9. Another practical problem with the state power/party strategy is that if you imagine yourself sitting inside with the exclusive Key to the Good Society, you tend to behave a little contemptuously and wiseacry towards other political actors, as the only one who really has full legitimacy. By far the worst are of course those who have achieved some kind of success as a government party, but oddly enough, those who have had no success at all ever behave in that way. This is of course something that prevents good cooperation for mutual benefit; in a political collaboration there can be no status difference except perhaps that which is based on what each one actually contributes.
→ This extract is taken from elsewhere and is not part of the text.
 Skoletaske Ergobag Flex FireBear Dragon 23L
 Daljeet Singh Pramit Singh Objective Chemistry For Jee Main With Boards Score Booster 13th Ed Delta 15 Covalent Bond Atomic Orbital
10. For those who object that this text is also characterized by wiseacry, I want to answer that I am not targeting any organization but a strategy (or perhaps the remains of a strategy...) that has proven to be fruitless. Partly in the long term: the fruit of two hundred years of left-wing politics in the form of the developed countries' welfare state is clearly going backwards, and in the form of the developing countries' socialist state-building, the fruit is even more worm-eaten. And partly in the short term: the rekindling of left-wing politics from 1965 onwards has not achieved anything lasting at all, except perhaps some funny battle memories. The large support around traditional left-wing politics that prevails on the movement scene and above all among its most committed and active participants is therefore dysfunctional.

11. The most valuable can be kept. I am of course talking about the 1789 defense of equality. The rest should be seen as historically explicable but often outdated positionings, which require good argumentation to be applied today. It is of course perfectly acceptable to also retain, for example, the Marxist theory – if you also accept other theoretical frameworks as fully equivalent. As Ha-Joon Chang says: On no account drink only one ingredient – liable to lead to tunnel vision, arrogance and possibly brain death.

12. But above all: can't one stop with the tiresome identity politics – "we on the left" (in its own way as tiresome as "we Muslims", and quite similar) – and start from the social identity to which one happens to belong instead? Contribute to a popular policy against the neoliberal plunder? Which assumes that everyone who wants to fight has the same legitimacy and understands the same amount? Which accommodates all sufferers, regardless of the interpretive structures they cling to now before we've even started? And trust that the common interpretive structure that develops afterwards will be good enough?